If rust is provided manually then author commits to supporting the selected version. if rust field is not provided (i.e. cargo uses current toolchain version each time crate is published), then automatically generated rust will mean "crate was build using this Rust version", it may work on older versions, but you'll have to test it. So crate author will implicitly commit to the version just by using it to develop the crate. Note that in the local Cargo.toml rust field still will not be present, so if author has updated toolchain, on the next cargo publish the new version for rust field will be selected.

I really hope that introduction of rust field will close this debate. With it bumping MSRV will not be a breaking change, as older compiler will simply select older crate version which support it.

I think you misunderstood how automatic selection will work. Local Cargo.toml will not contain automatically selected rust field, it will be just implictly added on cargo publish. (with an appropriate warning) So if you develop crate and update toolchain on each cargo publish wll be selected your current toolchain version.

For stable-n, How would one know when the "stable" was set?

I would prefer a simple minimum-version key in the Cargo.toml. For nightly/beta the user could either specify nightly or <version>-nightly.

1 Like

Hm, the only advantage which I can see is that it will allow to develop on Nightly, but cargo will select latest stable version known to it. Though I am not sure if it’s a good aproach, as I don’t think that we can assume that Nightly compiler will have the same behaviour as stable even if crate does not enable nightly features. Can you please argument a bit more why this apporach is preferable to “if rust is not provided, cargo publish will use current (local) toolchain version”?

But this misses which tool-chain the author made the crate for. Not having a filed should only be interpreted as not knowing if the author commited to any channel/version which isn't the same as a author committing to only support the newest version.

Which might not be a good idea, i.e. newer versions, especially patch versions might have closed security vulnerabilities or fixed other bugs, forgetting to upgrade rust might therefore lead to implicitly introducing already fixed security vulnerabilities in your system.

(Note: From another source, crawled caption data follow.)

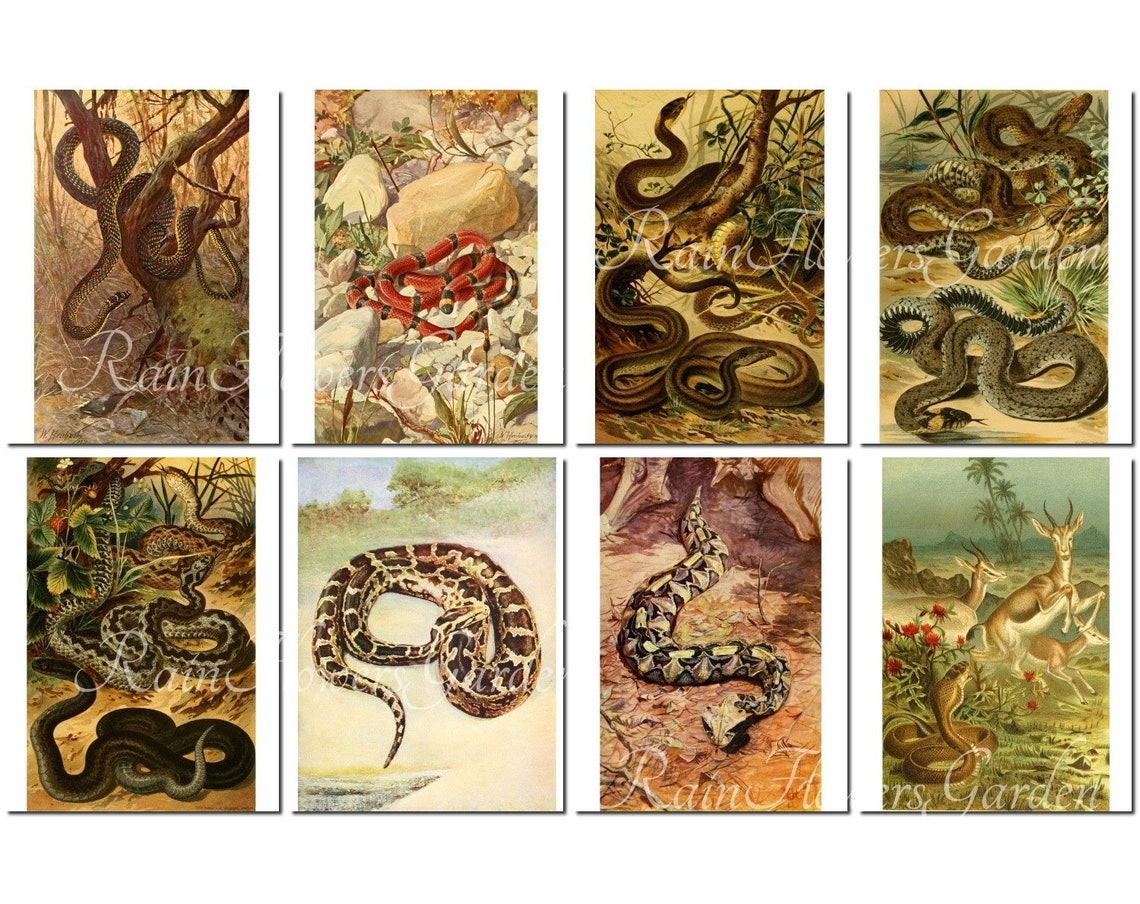 SNAKES Set-1 Vintage 40 Printable 8.5x11 Inch Scrapbooking | Etsy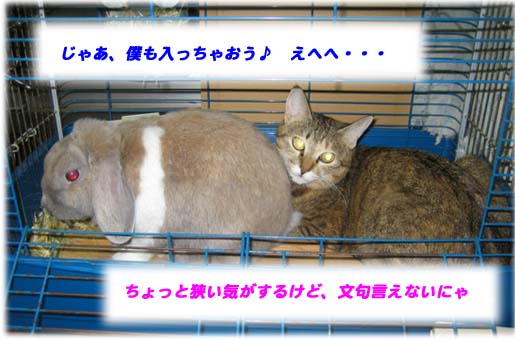 ボクの家に猫のミャウちゃんが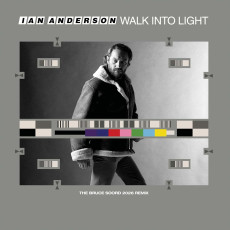 LP / Anderson Ian / Walk Into Light / Vinyl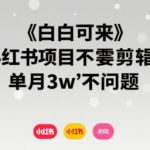 2025最新小红书零门槛副业！无需剪辑，手机月入3万+🔥小白暴富指南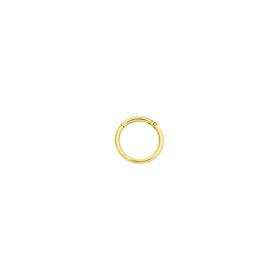 9ct-Gold-8mm-Gold-Plain-Segment-Hinged-Nose-Ring on sale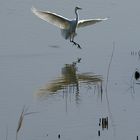 garceta grande (Egretta alba)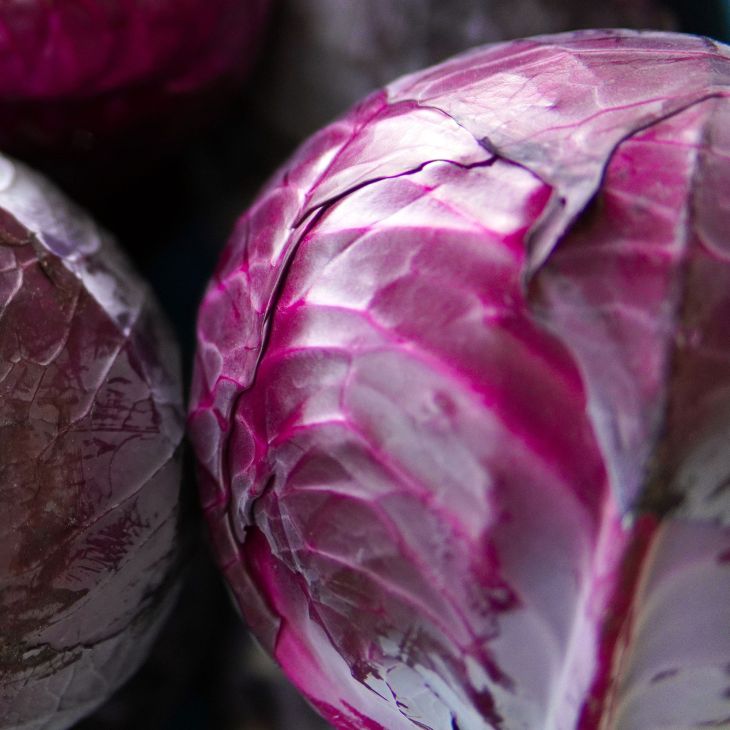 Rotkohl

At the very least author made the crate for the toolchain which he uses (usuaully it will be latest stable or nigthly) and unfortunately it's the only reliable information which we'll have. If authors knows MSRV they'll provide rust field explicitly. As I see it rust="stable" will not bring anything new to the table here.

I don't think that this is a problem about rust field and tooling around it, but about authors responsibility and desire to backport such patches. Described functionality allows to do it, e.g. for pre-1.0 crates authors can publish 0.1.10 with backported updates and rust="1.30", and immideatly after 0.1.11 update for the main branch with rust="1.45". (it stretches semver quite a bit, but AFAIK unfortunately we can't use something like 0.1.3.1 for backports) And for post-1.0 crates convention can be to bump minor version on MSRV change (so it's not a breaking update) to allow publishing backports by bumping patch version.